Cette organisation est-elle pédagogiquement fondée ? Elle le sera si elle correspond à un approfondissement des conditions sociales de l’apprentissage. C’est en effet de cela qu’il s’agit : les interactions sociales sont à l’origine des apprentissages scolaires, même si elles se résument quelquefois à un contact entre un professeur et des élèves. L’école regroupe des élèves. Dans la plupart des cas, on considère que leur nombre et leurs différences sont des problèmes qu’il faut surmonter avant d’enseigner, ou qu’il faut enseigner en dépit du nombre et de l’hétérogénéité.

On peut maintenant imaginer une autre approche qui profiterait du nombre des élèves et de leurs différences pour construire une organisation sociale qui pendrait en charge certains aspects de l’apprentissage. Une classe traditionnelle n’est pas organisée socialement. Elle est organisée par des conditions matérielles (murs, tables, bureaux, tableaux, laboratoire, etc) ce qui contraint l’enseignant à intervenir souvent et directement pour gérer la classe et l’enseignement. Dans ce cadre, le changement est difficile. Par contre, si l’on parvient à constituer une organisation sociale qui prendrait en charge certains aspects de l’apprentissage, c’est en agissant sur les paramètres de cette organisation que l’on pourrait réaliser certaines intentions pédagogiques. Il faut pour cela que l’organisation projetée constitue bien un environnement dans lequel des élèves apprennent, c’est-à-dire qu’action et connaissance se retrouveraient liées.

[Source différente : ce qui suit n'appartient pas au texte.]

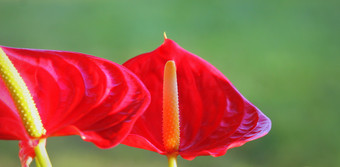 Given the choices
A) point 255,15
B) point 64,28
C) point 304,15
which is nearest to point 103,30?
point 64,28

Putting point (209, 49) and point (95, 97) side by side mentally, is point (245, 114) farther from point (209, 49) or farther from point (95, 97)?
point (209, 49)

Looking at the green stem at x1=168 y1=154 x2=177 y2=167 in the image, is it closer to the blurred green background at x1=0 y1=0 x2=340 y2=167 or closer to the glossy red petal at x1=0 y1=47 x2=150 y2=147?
the glossy red petal at x1=0 y1=47 x2=150 y2=147

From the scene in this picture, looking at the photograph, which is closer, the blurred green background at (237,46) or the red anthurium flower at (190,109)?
the red anthurium flower at (190,109)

Engeström est l’héritier, entre autres, de Vygotski, de Leontiev et de Luria : le premier a montré l’importance de la zone proximale de développement, pour analyser les capacités d’un élève et surtout les moyens d’induire le développement Il a montré que les outils et les instruments peuvent non seulement permettre de transformer l’environnement, mais aussi et en même temps, de « construire l’esprit », comme le langage, en parlant aux autres, parle aussi à soi-même. Ces outils peuvent êtres purement matériels, mais aussi psychologiques ou de gestion mentale, c’est-à-dire qu’ils structurent une démarche mentale, permettent l’acquisition de savoirs, de connaissances, de concepts. Cela est possible à travers l’acquisition de schèmes et par le développement du langage intérieur. La médiation, médiation par l’outil, médiation par l’autre, que ce soit un pair, un enseignant, ou tout autre intervenant, facilite le voyage dans la zone proximale de développement. Le triangle d’Engeström offre plusieurs possibilités de médiation, différentes dans leur nature et leurs fonctions, mais, semble-t-il, complémentaires.

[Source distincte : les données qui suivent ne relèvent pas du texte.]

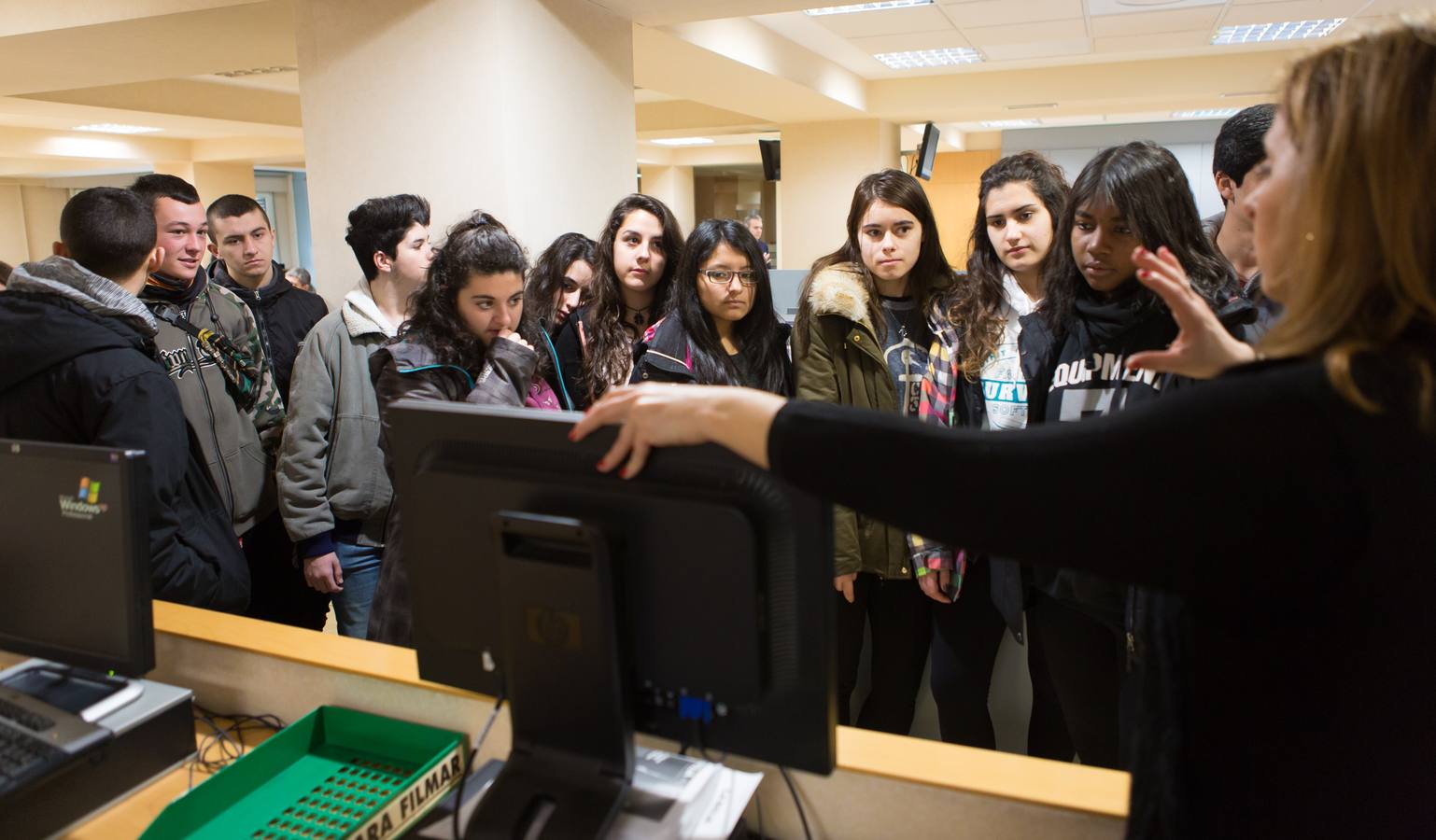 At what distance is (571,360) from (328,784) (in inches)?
59.9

Tout ceci exige que l’apprentissage se situe dans un cadre assez riche et l’activité semble offrir un cadre minimum. La structure proposée par Engeström constitue une tentative d’organisation sociale à la fois naturelle et minimum pour que les interactions sociales favorables à l’apprentissage puissent se développer.

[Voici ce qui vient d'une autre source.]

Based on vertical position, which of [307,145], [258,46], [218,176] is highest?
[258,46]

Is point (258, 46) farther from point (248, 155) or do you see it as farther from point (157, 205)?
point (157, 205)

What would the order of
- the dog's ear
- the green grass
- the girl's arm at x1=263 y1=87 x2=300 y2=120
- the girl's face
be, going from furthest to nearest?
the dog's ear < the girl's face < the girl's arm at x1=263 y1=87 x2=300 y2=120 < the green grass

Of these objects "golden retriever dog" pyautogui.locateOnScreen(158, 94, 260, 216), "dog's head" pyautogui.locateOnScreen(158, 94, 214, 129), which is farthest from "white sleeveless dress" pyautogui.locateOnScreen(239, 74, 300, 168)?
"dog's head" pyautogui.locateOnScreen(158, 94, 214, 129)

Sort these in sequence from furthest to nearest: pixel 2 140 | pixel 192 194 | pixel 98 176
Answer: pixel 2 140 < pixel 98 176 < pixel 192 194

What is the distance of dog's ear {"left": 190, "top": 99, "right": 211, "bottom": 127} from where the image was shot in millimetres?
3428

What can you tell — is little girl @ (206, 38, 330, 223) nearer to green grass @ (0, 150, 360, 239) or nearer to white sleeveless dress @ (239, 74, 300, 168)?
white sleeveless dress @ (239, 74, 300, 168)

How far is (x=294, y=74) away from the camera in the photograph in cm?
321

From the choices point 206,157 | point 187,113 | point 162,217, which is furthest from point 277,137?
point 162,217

L’expansion de l’activité peut offrir un moyen de provoquer des apprentissages de nouveaux concepts, de nouveaux comportements et de faire évoluer les pratiques sociales des acteurs.

La théorie de l’activité n’est pas simplement une description de l’activité humaine, ce n’est pas non plus seulement une proposition d’organisation sociale de l’apprentissage, mais c’est aussi un ensemble de moyens correspondant à un approfondissement de la réflexion sur l’apprentissage vu en relation étroite avec une organisation sociale. Quand cette organisation sociale n’existe pas comme c’est le cas dans une classe, il reste à tenter de la reconstituer. La théorie de l’activité semblerait nous donner des moyens pour le faire. Elle semblerait donc offrir des possibilités nouvelles quant aux liens entre intention pédagogique et réalisation pédagogique.

C’est l’hypothèse sur laquelle nous allons fonder notre travail : les principes sous-jacents à la théorie de l’activité peuvent servir de support à une organisation sociale de la classe fournissant un ensemble de paramètres permettant de réaliser une intention pédagogique, telle que nous en avons donné une définition.

Nous appellerons « pédagogie de l’activité » une tentative de concrétisation de la théorie de l’activité dans le domaine scolaire.

Alors, une première question s’impose : une pédagogie de l’activité est-elle possible ? Pour répondre à cette question, il reste à faire une tentative de réalisation en mettant en évidence une démarche et les contraintes qui pourraient conduire à sa mise en place. Il faudra vérifier qu’il s’agit bien d’une « pédagogie de l’activité » et décrire les paramètres qui permettraient de réaliser une intention pédagogique.